I'm not surprised window.onload event causes issues here. It might be hard to make that work in a generic way.

Jaifroid commented 5 years ago

@mossroy window.onload is solved in jQuery mode. It's enough to ensure a BLOB reference to the script is in the html before it's injected into the iframe, and then the browser will execute it in the frame, with window transparently interpreted as the iframe's contentWindow. The JS in the new-style ZIM (and the JS in the legacy ones) now works fine. Please try it out with any ZIM in this branch [jQuery mode either from file:// or from localhost].

PhET support in this branch is partial: the landing page still doesn't work, but any experiment loaded with the random button seems to work fine.

Jaifroid commented 5 years ago

The JavaScript support branch has now been rebased on the latest master, so it now includes support in both jQuery and SW modes.

mossroy commented 5 years ago

I've tested a bit, and it works pretty well on PhET (with some exceptions you mentioned) : congratulations!

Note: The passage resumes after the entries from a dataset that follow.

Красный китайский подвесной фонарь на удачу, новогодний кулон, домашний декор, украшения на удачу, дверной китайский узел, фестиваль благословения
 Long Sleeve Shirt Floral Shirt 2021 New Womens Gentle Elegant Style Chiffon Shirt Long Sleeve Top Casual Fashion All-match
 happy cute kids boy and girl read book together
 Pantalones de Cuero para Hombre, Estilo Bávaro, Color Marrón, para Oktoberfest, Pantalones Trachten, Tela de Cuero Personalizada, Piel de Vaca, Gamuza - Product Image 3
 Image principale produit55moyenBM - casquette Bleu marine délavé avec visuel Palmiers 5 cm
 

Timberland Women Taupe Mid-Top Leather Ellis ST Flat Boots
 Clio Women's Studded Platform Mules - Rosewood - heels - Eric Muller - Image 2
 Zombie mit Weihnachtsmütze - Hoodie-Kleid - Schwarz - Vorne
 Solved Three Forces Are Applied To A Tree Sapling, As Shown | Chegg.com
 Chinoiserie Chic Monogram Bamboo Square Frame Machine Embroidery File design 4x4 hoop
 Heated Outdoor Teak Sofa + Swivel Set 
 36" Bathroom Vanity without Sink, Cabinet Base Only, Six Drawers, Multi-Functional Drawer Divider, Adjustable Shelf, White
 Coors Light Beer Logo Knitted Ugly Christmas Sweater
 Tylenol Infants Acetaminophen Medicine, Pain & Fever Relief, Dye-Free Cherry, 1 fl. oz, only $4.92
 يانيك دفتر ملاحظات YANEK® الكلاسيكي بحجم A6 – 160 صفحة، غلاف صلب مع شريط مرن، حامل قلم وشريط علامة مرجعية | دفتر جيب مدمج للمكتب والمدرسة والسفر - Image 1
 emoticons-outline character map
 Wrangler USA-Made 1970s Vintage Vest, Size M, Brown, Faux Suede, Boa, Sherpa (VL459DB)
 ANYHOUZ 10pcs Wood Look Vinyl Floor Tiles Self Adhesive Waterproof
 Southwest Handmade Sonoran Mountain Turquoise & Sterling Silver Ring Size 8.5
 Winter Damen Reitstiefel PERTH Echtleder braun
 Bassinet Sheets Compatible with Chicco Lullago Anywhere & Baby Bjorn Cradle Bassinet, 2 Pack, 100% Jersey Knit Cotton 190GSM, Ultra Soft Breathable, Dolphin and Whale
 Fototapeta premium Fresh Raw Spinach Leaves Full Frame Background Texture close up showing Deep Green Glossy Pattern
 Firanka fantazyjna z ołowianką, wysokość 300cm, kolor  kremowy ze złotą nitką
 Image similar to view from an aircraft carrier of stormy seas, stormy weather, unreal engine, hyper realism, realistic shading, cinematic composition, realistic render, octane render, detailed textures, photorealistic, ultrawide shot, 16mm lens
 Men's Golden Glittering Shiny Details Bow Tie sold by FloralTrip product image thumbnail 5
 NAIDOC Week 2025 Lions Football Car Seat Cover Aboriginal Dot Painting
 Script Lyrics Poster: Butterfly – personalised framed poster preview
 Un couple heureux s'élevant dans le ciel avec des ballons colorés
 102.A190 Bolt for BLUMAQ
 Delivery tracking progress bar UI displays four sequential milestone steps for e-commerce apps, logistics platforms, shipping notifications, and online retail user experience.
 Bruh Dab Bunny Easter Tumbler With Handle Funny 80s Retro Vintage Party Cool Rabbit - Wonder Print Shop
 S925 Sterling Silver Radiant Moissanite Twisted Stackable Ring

I did not have a look at the code yet, as I don't have much time for that, and try to give higher priority to the work on ServiceWorker mode.

It's a very technical task you're working on, as you're handling things a browser should natively handle. If you want more ZIMs to test, you can try gutenberg for example (at least the main page seems to use some javascript)

Jaifroid commented 5 years ago

I rebased the JavaScript Support branch to enable testing of @ISNIT0's polyfill script for browsers that don't support the details tag and can't run SW mode ( (e.g. FFOS and UWP) . Below is what it looks like in Edge in jQuery mode. Note the sections are closed by default in desktop view. Clicking to open and close them works, and so does tapping (touchscreen).

image

Jaifroid commented 5 years ago

As a separate issue, due to the way this branch loads CSS (I think), the landing page is not displayed well, and has to be resized for the images to be rendered correctly with the CSS. This needs a fix in this branch, but that's not the point of this rebase.

kelson42 commented 4 years ago

Just FYI, this will be necessary if you want to take benefit of the soon to be released first ZIM JS API.

Jaifroid commented 4 years ago

@kelson42 I'm interested in this. Enabling JS support in jQuery mode is possible, and it works with non-complex scripts. It doesn't support complex things like ReactJS currently, as it is too complicated to inject all the required script blocks in a compatible way, and this is an issue with PhET ZIMs. But it may be possible to inject known scripts where the functionality is useful and if the API is fairly generic across ZIM types. Once we have a sample, I'd like to test the possibilities.

Jaifroid commented 4 years ago

I've rebased the JavaScript support branch on master.

Jaifroid commented 3 years ago

The JavaScript Support branch has been rebased in order to test #650 (the ZIMs are ZSTD encoded).

Jaifroid commented 2 years ago

I don't think we're going to provide even any rudimentary JS support in jQuery mode any more due to #727. While I did try to rebase the JS Support branch a couple of months ago, there are now so many inline scripts in the average ZIM (see #789 for a consequence of this), that things do not work well. We are also close to making Service Worker the default, which does not need these workarounds.